(Instructions to follow): Transcribe only what runs from the line containing "Prompt: color film" through the final line below, exactly, and leave every picture out.

****************

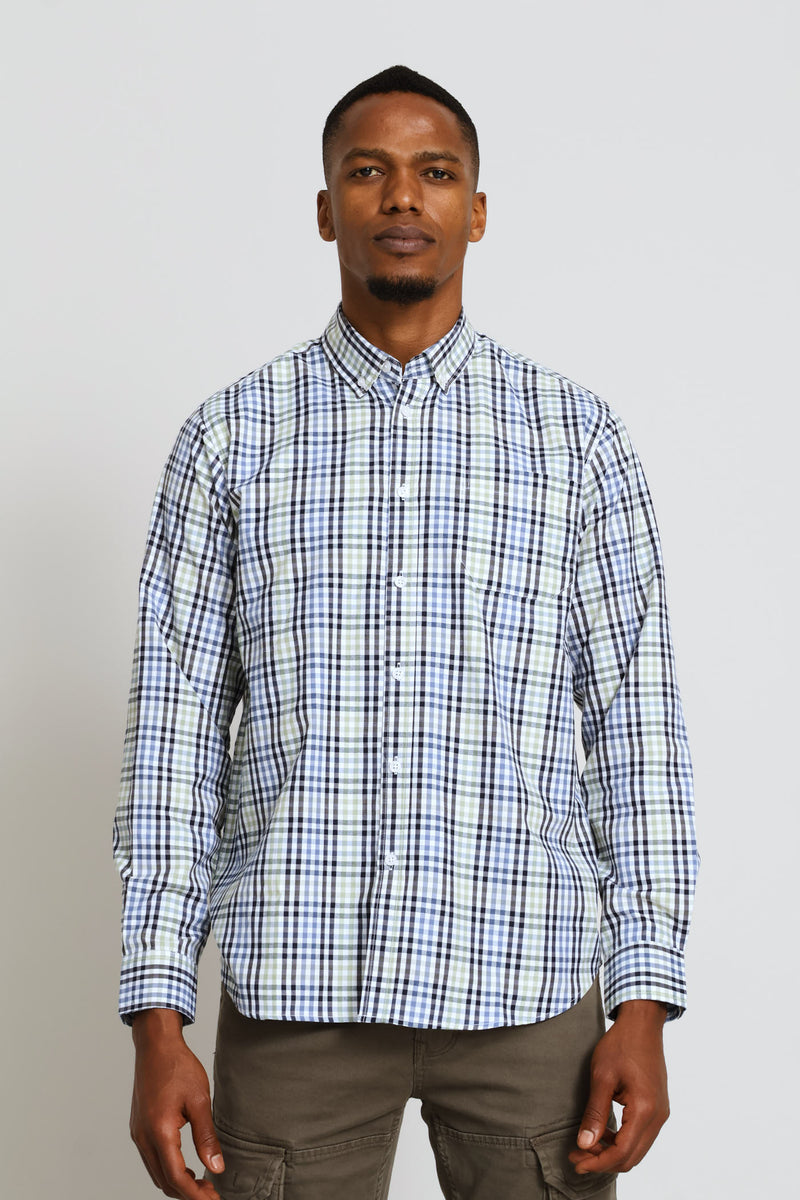 Long Sleeve Check Shirt - White/Navy/Sage
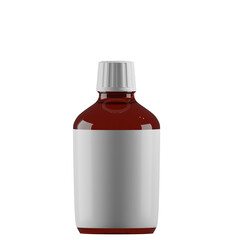 brown bottle cosmetic with blank label and white cap 3d render png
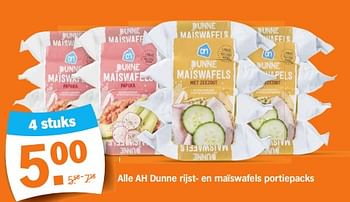Aanbiedingen Alle ah dunne rijst- en maïswafels portiepacks - Huismerk - Albert Heijn - Geldig van 11/09/2023 tot 17/09/2023 bij Albert Heijn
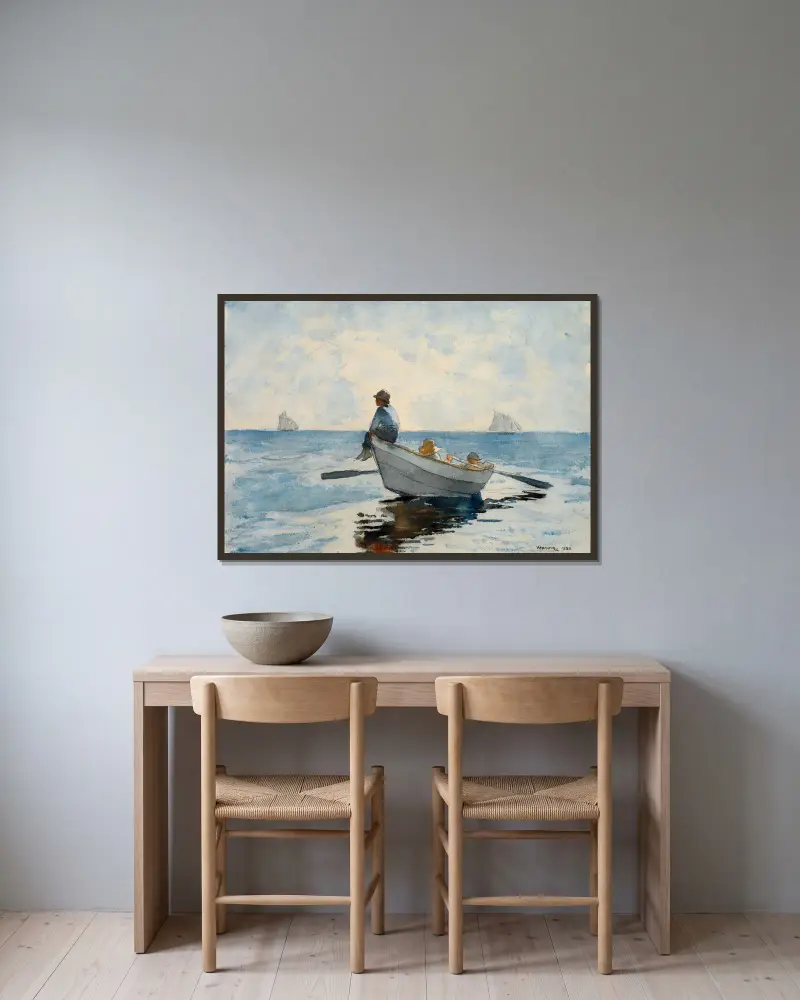 Boys in a Dory av Winslow Homer inramad på en vägg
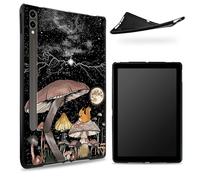 Conçu pour Samsung Galaxy Tab S7/S8 SM -X700/X706/T870/T875/T878, dos en caoutchouc TPU mat avec motif champignon lune écureuil, coque fine en silicone souple avec porte-stylo S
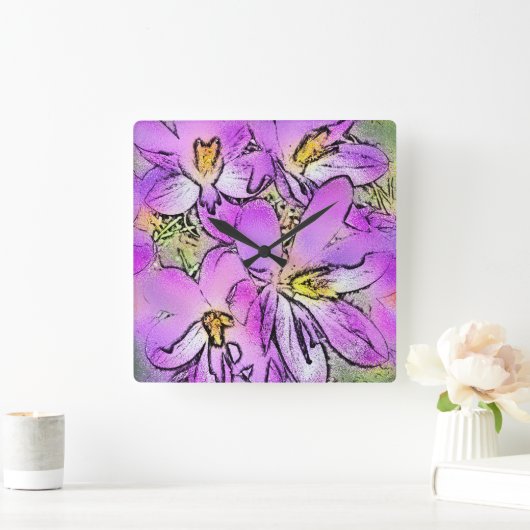 BLOEMEN VIERKANTE KLOK (Huis)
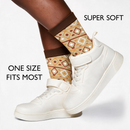 Kuba Beige Patterned Women's Quarter Sock
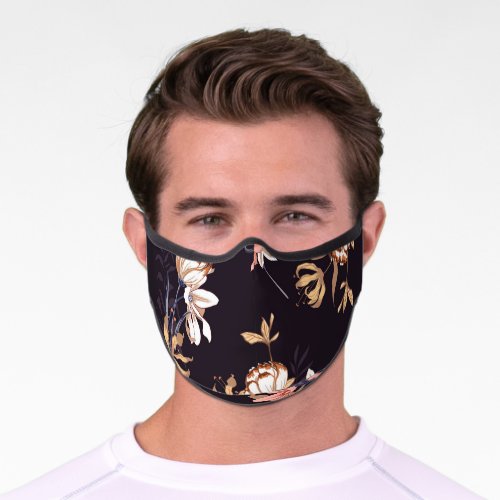 Vintage tulips dark purple background premium face mask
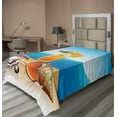 thumbnail image 1 of Ambesonne Cartoon Flat Sheet, Seascape Summer Beach, TwinXL Size, Blue Orange Purple, 1 of 1
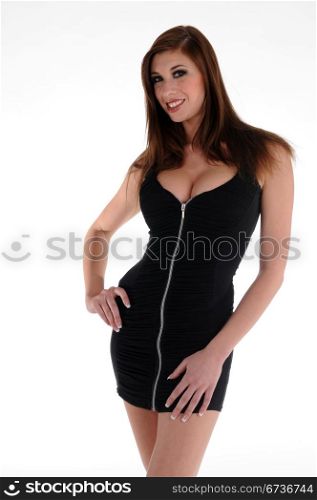 Beautiful tall brunette in a short black dress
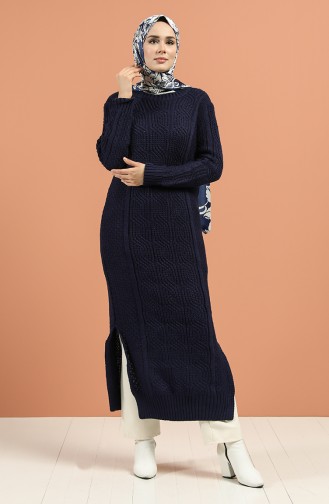 Knitwear Dress 1181-01 Navy Blue 1181-01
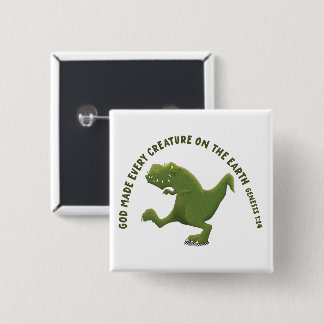 Badge Carré 5 Cm Dessin animé drôle de T rex Dieu a fait chaque cré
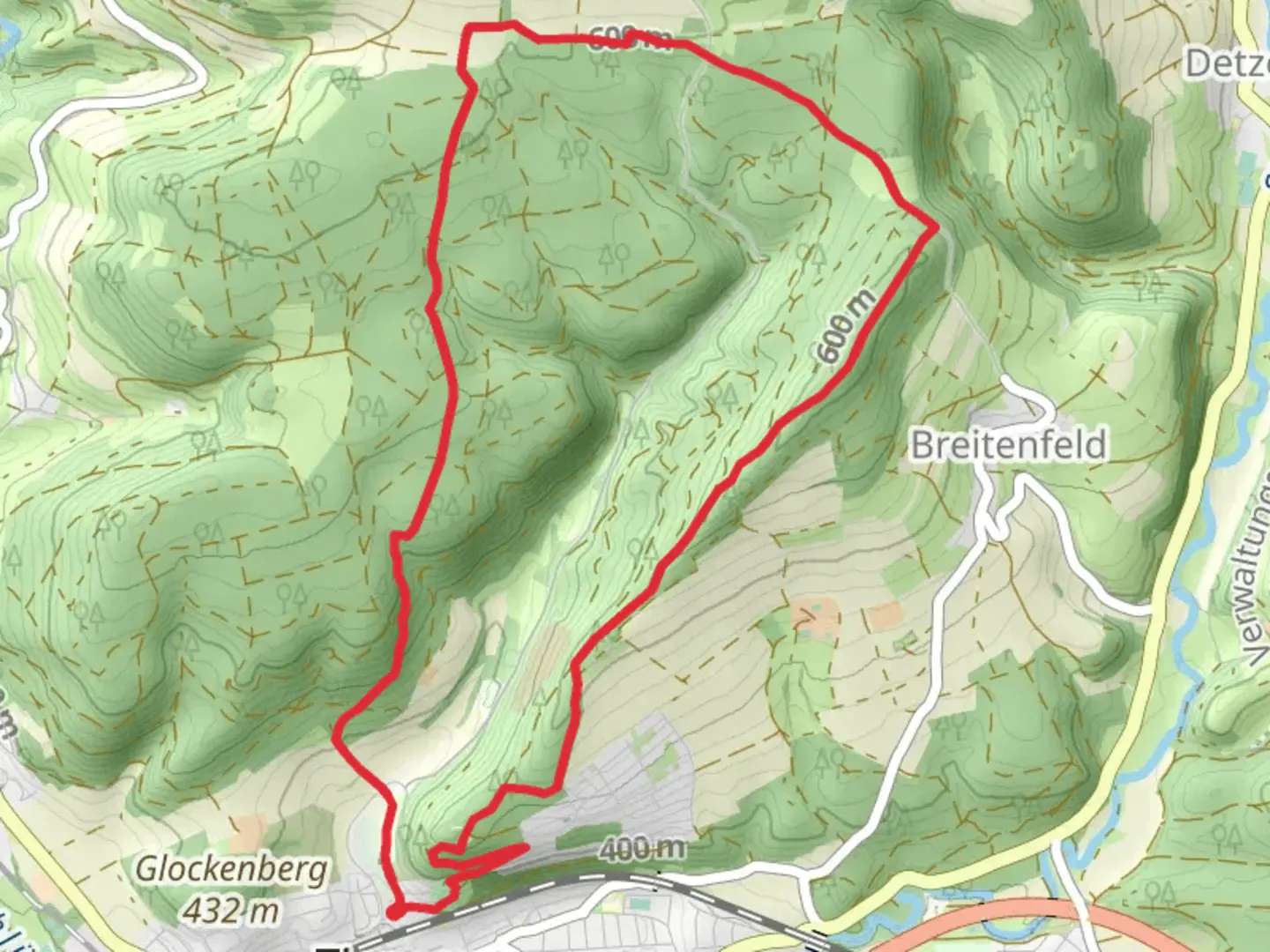 An image depicting the trail Tiengen Loop and its surrounding area.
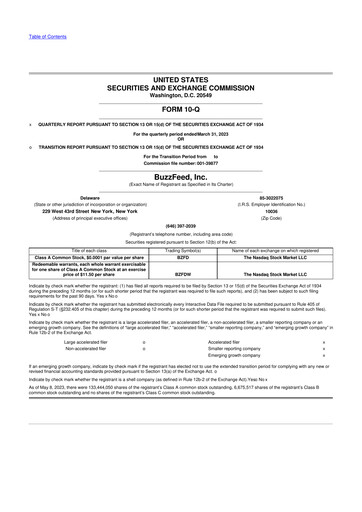 Miniature Buzzfeed 10-Q Rapport trimestriel 2023 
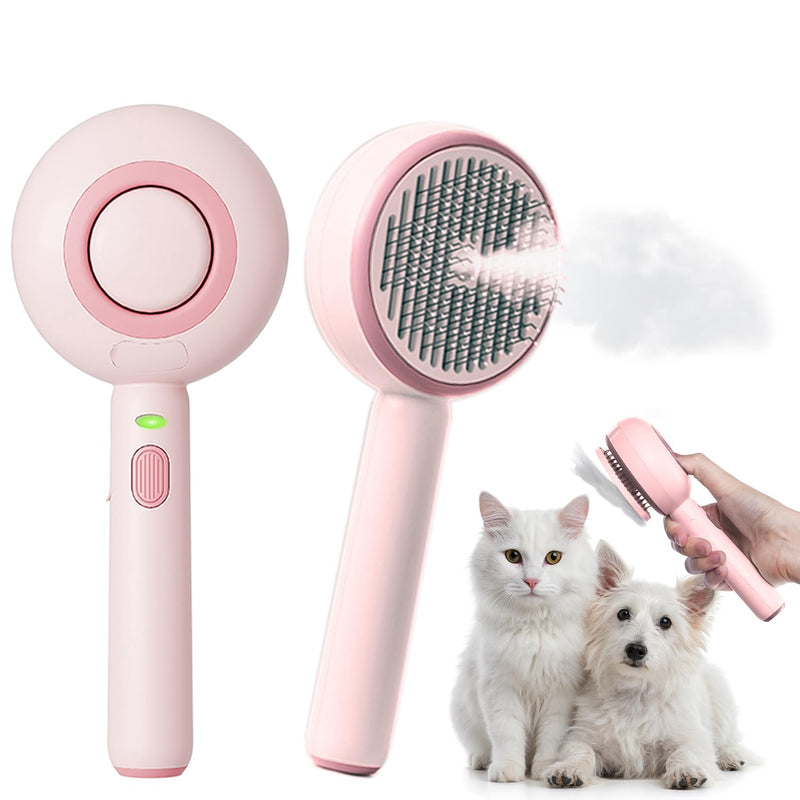 Cat Steam Brush, 3 in 1 Comb for Shedding, One-Click Hair Removal Brush with Steam, 2025 New Spray Pet Grooming Brushes for Dogs and Cats, Self Cleaning, IPX7 Waterproof (Pink) Pink - PawsPlanet Australia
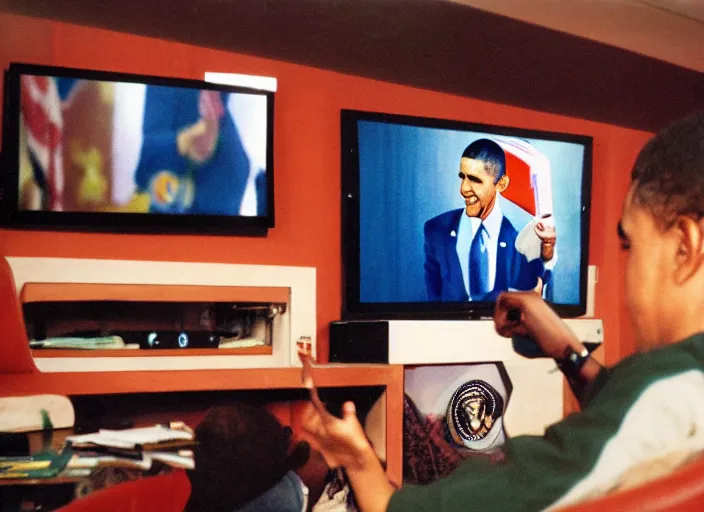 Prompt: color film photography, Barack Obama playing Super Smash Bros. Melee, 35mm, film photo,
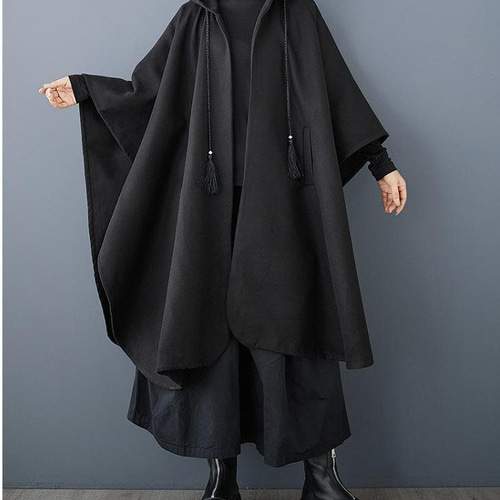 新品 大きいサイズ ゆったり ケープコート ポンチョ フード 黒 秋冬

****************

(Task response):
 Prompt: color film photography, Barack Obama playing Super Smash Bros. Melee, 35mm, film photo,
 新品 大きいサイズ ゆったり ケープコート ポンチョ フード 黒 秋冬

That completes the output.